Fiquei com 3 dólares no bolso
Assim como em muitos países da África, no Sudão do Sul não há caixas eletrônicos para saques internacionais. Quando estava trabalhando escrevendo reportagens sobre o país, decidi ficar alguns dias a mais na região para entrevistar mais pessoas e melhorar o material que estava preparando.
O problema é que fiz a viagem contando com dinheiro que receberia periodicamente do Brasil. Mas na hora de fazerem a remessa, adivinhe, não encontraram o Sudão do Sul no sistema bancário. Simplesmente não havia o país no sistema. Nesse momento eu estava ilhada. E com três dólares no bolso.
Perguntei a amigos sírios e libaneses, que conheci em uma espécie de cartório onde os estrangeiros precisam se registrar, sobre como eles recebiam dinheiro do exterior.

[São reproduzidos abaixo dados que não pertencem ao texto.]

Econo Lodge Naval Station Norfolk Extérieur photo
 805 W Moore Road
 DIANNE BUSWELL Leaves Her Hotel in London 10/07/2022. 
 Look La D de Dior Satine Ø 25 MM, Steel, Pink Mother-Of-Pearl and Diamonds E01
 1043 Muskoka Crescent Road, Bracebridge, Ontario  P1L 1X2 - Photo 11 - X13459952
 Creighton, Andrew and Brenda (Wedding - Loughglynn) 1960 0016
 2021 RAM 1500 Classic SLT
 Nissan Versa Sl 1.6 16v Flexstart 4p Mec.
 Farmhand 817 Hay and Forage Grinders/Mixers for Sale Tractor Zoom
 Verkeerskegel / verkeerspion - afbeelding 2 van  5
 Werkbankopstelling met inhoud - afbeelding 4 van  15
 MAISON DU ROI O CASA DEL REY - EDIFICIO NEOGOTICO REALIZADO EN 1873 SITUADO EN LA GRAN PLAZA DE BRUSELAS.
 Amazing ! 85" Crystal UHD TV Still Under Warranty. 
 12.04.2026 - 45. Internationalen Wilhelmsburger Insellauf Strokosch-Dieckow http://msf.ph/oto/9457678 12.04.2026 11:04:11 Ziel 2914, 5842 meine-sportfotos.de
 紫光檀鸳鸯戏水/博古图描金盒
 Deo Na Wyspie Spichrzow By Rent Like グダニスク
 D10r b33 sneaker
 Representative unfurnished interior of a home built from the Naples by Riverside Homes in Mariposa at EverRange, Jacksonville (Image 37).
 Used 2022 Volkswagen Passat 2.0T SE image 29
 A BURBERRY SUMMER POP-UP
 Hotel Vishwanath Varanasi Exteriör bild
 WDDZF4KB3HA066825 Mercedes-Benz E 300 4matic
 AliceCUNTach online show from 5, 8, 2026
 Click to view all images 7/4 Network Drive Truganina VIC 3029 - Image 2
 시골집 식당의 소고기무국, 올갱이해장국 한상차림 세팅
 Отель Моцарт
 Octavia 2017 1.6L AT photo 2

Pensei que deveriam conhecer alguma maneira engenhosamente estratégica, já que investiam em negócios ali.
A resposta foi desenganadora. “Não há como ter dinheiro neste fim de mundo, a não ser que você mesmo traga”, disse um deles.
Um outro amigo foi claro. “Neste inferno? Impossível. Vá para outro país e pegue o dinheiro lá.”
Esse era o problema, não havia dinheiro sequer para chegar até fronteira do inferno.
Saí em busca de uma solução, lembrando do início da viagem e do que um amigo na Etiópia me dizia:
“Deixe Deus estar com você”. Haveria uma solução. Ele não falava exatamente sobre religião, mas sobre permitir que algumas situações saiam do controle, confiando de que tudo sairá bem por fim.
Ao final desse mesmo dia, encontrei os rapazes novamente. Comiam, fumavam, conversavam, xingavam o Sudão do Sul. Dois deles me chamaram em um canto. “Isso aqui é para você. Sentiremos sua falta.” E me entregaram duas notas de 50 dólares. A conta exata para atingir o outro lado da fronteira, chegar em Uganda e finalmente sacar dinheiro. Sem comida, sem nada.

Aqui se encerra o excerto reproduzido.